**WHAT YOU WILL DO:** Your answer should be the line that contains "Porsche Porsche 911" and each line after it, restated word for word through the final line of the entries.

SOURCE DATA below:

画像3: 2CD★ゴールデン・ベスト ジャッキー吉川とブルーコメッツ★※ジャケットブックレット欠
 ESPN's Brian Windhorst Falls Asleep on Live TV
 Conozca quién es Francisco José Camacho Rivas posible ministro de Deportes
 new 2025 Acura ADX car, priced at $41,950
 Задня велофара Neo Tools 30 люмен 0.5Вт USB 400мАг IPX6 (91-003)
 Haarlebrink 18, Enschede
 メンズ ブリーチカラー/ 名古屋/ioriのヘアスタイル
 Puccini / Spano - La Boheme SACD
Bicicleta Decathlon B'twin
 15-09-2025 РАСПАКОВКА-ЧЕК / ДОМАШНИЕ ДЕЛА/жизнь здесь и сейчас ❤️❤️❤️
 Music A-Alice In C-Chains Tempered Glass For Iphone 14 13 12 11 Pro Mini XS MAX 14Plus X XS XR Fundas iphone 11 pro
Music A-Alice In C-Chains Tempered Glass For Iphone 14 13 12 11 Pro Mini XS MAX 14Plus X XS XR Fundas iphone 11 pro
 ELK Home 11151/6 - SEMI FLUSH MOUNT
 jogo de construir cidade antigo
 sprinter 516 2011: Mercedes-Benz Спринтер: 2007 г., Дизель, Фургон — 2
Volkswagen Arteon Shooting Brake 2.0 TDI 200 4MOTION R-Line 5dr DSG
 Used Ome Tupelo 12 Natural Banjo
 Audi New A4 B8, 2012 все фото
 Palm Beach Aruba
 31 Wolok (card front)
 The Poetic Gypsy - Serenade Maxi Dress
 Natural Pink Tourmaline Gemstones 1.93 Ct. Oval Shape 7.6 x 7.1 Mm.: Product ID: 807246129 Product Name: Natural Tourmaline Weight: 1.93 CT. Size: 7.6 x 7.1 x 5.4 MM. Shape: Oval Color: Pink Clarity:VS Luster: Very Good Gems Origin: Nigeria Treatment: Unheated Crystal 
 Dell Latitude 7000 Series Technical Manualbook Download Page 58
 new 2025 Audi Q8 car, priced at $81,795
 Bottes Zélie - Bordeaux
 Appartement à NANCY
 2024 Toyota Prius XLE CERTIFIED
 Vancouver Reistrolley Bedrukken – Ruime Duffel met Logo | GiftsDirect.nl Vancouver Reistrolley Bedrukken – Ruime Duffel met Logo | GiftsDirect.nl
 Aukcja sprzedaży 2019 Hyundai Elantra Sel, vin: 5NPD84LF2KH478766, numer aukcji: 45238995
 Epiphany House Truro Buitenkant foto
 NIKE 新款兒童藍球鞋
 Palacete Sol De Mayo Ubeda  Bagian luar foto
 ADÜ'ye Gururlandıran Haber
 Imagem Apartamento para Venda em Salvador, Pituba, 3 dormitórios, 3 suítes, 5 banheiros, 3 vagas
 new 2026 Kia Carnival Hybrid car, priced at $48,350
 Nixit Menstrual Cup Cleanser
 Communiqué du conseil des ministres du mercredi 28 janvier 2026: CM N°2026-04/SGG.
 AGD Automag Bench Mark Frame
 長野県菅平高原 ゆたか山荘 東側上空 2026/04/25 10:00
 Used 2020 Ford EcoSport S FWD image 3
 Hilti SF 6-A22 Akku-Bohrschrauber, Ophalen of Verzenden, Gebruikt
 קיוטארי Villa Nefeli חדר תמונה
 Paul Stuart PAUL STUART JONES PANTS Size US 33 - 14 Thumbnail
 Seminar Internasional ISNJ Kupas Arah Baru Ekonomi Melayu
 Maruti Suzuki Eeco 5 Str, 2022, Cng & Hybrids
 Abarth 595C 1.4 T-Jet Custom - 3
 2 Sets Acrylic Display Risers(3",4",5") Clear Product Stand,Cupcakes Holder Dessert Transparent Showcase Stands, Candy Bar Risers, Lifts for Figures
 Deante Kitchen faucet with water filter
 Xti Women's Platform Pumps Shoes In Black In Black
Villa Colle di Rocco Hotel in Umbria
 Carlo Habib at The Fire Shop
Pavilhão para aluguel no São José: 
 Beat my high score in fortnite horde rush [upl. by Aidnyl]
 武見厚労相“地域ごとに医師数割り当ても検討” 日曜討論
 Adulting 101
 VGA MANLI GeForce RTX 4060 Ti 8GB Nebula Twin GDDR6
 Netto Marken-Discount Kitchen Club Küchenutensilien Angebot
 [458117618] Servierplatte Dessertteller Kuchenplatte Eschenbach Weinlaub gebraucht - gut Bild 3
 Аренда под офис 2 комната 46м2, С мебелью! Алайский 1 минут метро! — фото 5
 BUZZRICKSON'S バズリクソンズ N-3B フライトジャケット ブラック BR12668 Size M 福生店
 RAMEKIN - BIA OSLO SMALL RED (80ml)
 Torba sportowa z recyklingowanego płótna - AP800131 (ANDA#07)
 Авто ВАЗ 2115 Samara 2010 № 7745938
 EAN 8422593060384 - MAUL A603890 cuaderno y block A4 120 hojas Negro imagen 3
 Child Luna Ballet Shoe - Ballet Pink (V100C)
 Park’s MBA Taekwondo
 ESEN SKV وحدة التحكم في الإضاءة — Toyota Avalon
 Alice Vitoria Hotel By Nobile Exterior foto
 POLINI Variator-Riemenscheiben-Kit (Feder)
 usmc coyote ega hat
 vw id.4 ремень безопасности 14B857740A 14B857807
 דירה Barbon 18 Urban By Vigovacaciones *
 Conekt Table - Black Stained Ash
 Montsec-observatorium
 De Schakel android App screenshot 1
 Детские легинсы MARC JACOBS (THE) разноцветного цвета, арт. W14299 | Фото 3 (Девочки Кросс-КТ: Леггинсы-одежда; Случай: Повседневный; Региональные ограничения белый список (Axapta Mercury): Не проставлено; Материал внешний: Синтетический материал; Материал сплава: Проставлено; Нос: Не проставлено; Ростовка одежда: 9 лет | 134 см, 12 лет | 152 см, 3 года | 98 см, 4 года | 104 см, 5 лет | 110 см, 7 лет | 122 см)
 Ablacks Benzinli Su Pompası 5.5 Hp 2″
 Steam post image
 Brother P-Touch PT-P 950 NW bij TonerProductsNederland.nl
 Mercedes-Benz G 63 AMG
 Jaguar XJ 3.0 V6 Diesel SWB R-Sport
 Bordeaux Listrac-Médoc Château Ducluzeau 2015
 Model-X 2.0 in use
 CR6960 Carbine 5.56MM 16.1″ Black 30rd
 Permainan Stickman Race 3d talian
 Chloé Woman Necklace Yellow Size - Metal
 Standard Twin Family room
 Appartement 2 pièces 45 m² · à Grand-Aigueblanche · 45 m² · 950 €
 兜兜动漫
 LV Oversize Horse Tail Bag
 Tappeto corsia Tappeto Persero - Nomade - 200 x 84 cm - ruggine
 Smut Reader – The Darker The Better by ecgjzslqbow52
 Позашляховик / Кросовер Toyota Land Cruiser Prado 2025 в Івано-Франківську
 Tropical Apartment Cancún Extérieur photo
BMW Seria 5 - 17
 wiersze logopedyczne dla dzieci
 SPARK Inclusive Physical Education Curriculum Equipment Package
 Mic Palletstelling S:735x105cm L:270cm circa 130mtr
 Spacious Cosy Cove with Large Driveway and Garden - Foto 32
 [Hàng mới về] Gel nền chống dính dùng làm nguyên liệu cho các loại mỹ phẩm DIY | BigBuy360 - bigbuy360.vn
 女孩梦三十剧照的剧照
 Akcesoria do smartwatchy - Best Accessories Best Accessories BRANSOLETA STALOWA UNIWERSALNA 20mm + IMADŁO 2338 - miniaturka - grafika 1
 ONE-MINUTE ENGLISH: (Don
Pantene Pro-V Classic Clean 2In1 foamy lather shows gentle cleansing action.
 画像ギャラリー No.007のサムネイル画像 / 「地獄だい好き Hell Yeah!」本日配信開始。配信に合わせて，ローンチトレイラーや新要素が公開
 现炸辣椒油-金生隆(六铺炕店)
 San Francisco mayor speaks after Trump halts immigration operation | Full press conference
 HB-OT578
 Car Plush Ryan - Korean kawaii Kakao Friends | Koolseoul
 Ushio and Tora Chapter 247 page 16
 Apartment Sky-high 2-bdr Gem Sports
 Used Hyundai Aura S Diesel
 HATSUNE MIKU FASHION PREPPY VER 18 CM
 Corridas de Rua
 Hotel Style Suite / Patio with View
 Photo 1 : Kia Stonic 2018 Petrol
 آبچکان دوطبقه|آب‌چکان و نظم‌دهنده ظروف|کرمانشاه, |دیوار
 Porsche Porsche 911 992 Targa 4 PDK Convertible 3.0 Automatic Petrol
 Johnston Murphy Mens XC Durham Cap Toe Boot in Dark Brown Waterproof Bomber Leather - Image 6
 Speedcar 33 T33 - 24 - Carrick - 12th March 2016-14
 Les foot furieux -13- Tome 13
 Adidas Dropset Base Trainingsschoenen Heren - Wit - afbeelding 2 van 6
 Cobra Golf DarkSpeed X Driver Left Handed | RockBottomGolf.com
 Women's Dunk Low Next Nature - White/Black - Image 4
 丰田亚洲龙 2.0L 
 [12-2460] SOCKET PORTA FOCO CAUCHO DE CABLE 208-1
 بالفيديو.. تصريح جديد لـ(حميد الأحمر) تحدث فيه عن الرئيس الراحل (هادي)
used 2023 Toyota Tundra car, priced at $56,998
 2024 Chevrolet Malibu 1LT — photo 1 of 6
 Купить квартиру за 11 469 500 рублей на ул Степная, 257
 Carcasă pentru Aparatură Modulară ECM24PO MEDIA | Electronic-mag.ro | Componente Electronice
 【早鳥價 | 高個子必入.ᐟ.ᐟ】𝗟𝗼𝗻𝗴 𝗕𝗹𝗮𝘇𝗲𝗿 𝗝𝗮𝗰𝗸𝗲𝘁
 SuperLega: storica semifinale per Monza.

End of SOURCE DATA.

**ANSWER BOX:**
 Porsche Porsche 911 992 Targa 4 PDK Convertible 3.0 Automatic Petrol
 Johnston Murphy Mens XC Durham Cap Toe Boot in Dark Brown Waterproof Bomber Leather - Image 6
 Speedcar 33 T33 - 24 - Carrick - 12th March 2016-14
 Les foot furieux -13- Tome 13
 Adidas Dropset Base Trainingsschoenen Heren - Wit - afbeelding 2 van 6
 Cobra Golf DarkSpeed X Driver Left Handed | RockBottomGolf.com
 Women's Dunk Low Next Nature - White/Black - Image 4
 丰田亚洲龙 2.0L 
 [12-2460] SOCKET PORTA FOCO CAUCHO DE CABLE 208-1
 بالفيديو.. تصريح جديد لـ(حميد الأحمر) تحدث فيه عن الرئيس الراحل (هادي)
used 2023 Toyota Tundra car, priced at $56,998
 2024 Chevrolet Malibu 1LT — photo 1 of 6
 Купить квартиру за 11 469 500 рублей на ул Степная, 257
 Carcasă pentru Aparatură Modulară ECM24PO MEDIA | Electronic-mag.ro | Componente Electronice
 【早鳥價 | 高個子必入.ᐟ.ᐟ】𝗟𝗼𝗻𝗴 𝗕𝗹𝗮𝘇𝗲𝗿 𝗝𝗮𝗰𝗸𝗲𝘁
 SuperLega: storica semifinale per Monza.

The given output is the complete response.